Commenting last week on the retailers’ call for a Competition Appeal Tribunal hearing on the issue, Shore Capital head of research Clive Black said: “The investigation into the proposed Sainsbury’s-Asda merger was always going to be a big job and a challenge within the timetable set out.

“In that respect we wonder if Sainsbury’s-Asda have underestimated the task at hand in what they are required to provide to the CMA …” That also led Shore Capital to “wonder if the legal costs of servicing this process are likely to be much higher too …”

“Given that Sainsbury’s-Asda have more insight into this process than the rest of the grocery industry, such potential underestimation would also be surprising to us.”

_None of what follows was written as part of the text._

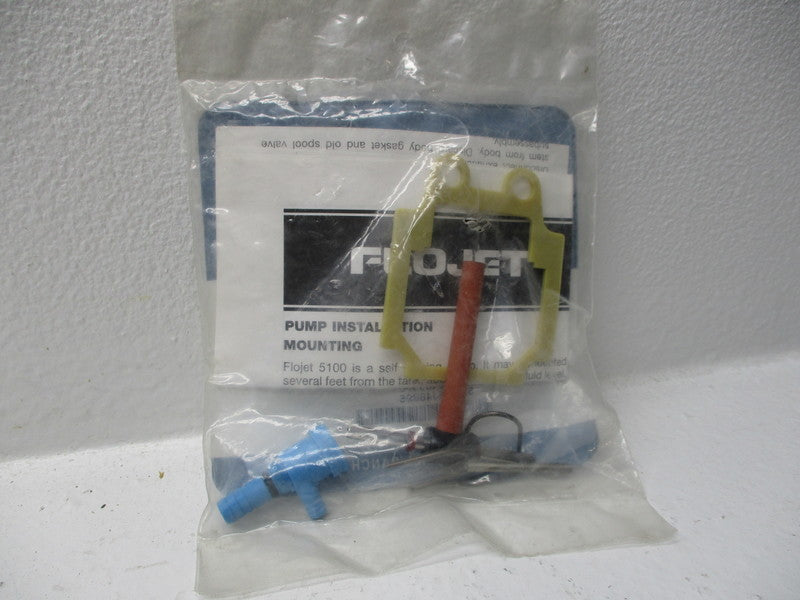 FLOJET 20469-000 NSMP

Black said challenging the adjudicator in a competition process did not seem tactically desirable, particularly as the CMA endeavoured to be legally meticulous in its investigations. “Accordingly, Messrs Coupe and Burnley may have slipped down their Christmas card list with the CAT approach,” ​said Black.

Focus of probe

He doubted whether the challenge would significantly affect the final decision-making process, stressing his belief that the probe would focus on:

  • The outcome of the CMA’s shopper surveys
  • Suppliers’ evidence about how innovation, prices and choice might affect consumer interests
  • The balance between national and local matters

“We cannot call the final outcome, of course, and so we must wait until March 2019 at the earliest for the CMA’s view,” ​said Black.

“Substantial remedies could bring the deal down, while meeting those remedies may also be quite a time-consuming challenge. After all that, there will then be the matter of merging two businesses that do similar things very differently.”

Plans by Sainsbury’s and Asda to merge became public in April this year​.